Significant Additional Governance Policies
The NCRA Board of Directors engages in an extensive program of new-Director orientation and ongoing Board development (training) to ensure that all members fully understand their legal, ethical and fiduciary obligations as directors and officers, as well as keeping current on any changes in relevant law and emerging best practices in effective governance. This program of continuous improvement ensures that our directors and officers are fully informed and empowered to exercise their authority and responsibilities.
NCRA Board of Directors Code of Ethics
Members of the Board of Directors of the National Court Reporters Association are committed to observing and promoting the highest standards of ethical conduct in the performance of their responsibilities as a Board. In furtherance of this commitment, the Board has developed a Code of Ethics establishing standards in the areas of accountability, professional responsibilities, confidential information, collaboration, and cooperation.
NCRA Antitrust Policy
As required by the NCRA Constitution and Bylaws (Article VIII, Section 5 and Article XII, Section 5), NCRA maintains a written summary description of the obligations of directors, officers and committee chairs under the antitrust laws, and requires annual, written statements from these officials, acknowledging and agreeing to abide by these laws.
NCRA Conflict-of-Interest Policy
All Directors face a legal duty to avoid conflicts of interest and act in the best interests of the organization. In furtherance of this commitment, NCRA requires the Board of Directors, committee members, staff members, and other volunteers to annually review NCRA’s Conflict of Interest policy and sign NCRA’s Duality-of-Interest Disclosure Statement.
Open Meetings Policy
All NCRA Board of Directors meetings are open to any NCRA member. A calendar of future Board meetings is posted on the NCRA website.
An “open microphone” session is included on each Board meeting agenda to allow an opportunity for attending members to make comments to the Board. Every effort is also made to accommodate requests from visiting members to add their comments throughout the meeting, during the Board’s discussions of its official agenda as well.
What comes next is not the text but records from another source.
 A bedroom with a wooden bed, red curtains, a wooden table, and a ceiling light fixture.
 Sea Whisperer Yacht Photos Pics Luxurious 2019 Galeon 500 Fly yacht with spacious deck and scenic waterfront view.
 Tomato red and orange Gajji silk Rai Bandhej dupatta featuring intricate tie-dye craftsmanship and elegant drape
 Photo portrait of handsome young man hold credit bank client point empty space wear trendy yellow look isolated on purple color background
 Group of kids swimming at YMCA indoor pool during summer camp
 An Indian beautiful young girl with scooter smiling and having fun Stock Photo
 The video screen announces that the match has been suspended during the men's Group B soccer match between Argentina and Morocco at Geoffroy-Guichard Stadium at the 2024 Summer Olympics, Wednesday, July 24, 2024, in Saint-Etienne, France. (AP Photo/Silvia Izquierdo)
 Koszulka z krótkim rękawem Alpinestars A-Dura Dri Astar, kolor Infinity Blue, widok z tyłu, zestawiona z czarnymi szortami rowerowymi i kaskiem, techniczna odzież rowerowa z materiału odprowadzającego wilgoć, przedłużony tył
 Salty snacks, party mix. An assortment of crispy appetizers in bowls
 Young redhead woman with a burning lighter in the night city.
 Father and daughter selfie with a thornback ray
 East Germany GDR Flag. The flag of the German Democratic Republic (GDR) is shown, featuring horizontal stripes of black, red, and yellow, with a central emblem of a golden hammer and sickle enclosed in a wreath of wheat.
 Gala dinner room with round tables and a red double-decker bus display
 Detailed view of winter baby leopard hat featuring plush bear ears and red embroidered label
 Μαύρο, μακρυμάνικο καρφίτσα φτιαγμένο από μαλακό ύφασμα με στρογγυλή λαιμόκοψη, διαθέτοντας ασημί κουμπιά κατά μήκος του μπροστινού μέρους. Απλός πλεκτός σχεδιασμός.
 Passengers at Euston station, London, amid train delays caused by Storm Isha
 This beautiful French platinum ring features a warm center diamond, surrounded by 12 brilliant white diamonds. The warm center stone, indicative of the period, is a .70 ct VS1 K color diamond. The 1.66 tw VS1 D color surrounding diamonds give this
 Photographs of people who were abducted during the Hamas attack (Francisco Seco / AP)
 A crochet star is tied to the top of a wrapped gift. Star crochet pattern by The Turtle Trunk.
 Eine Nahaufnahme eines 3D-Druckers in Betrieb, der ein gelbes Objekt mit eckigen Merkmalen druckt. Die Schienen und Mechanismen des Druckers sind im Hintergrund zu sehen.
While nearly all of the Board’s work is conducted in open session, from time to time confidential or legally sensitive information will be considered, and those discussions are conducted in executive session.
A summary of Board meeting actions is prepared immediately and posted to the NCRA Web site within two weeks of each meeting. Minutes of each meeting are the official record of the Board’s actions and are also posted to the Web site, once formally approved (generally at the next meeting of the Board.)
NCRA Whistleblower Policy
The Sarbanes-Oxley Act requires all corporations (including not-for-profit corporations such as NCRA) to establish policies to address employee allegations of corporate wrongdoing and to protect such employees from retaliation.
NCRA has such a policy in place.
NCRA Document Retention and Destruction Policy
The Sarbanes-Oxley Act requires all corporations (including not-for-profit corporations such as NCRA) to maintain a written, mandatory document retention and periodic destruction policy.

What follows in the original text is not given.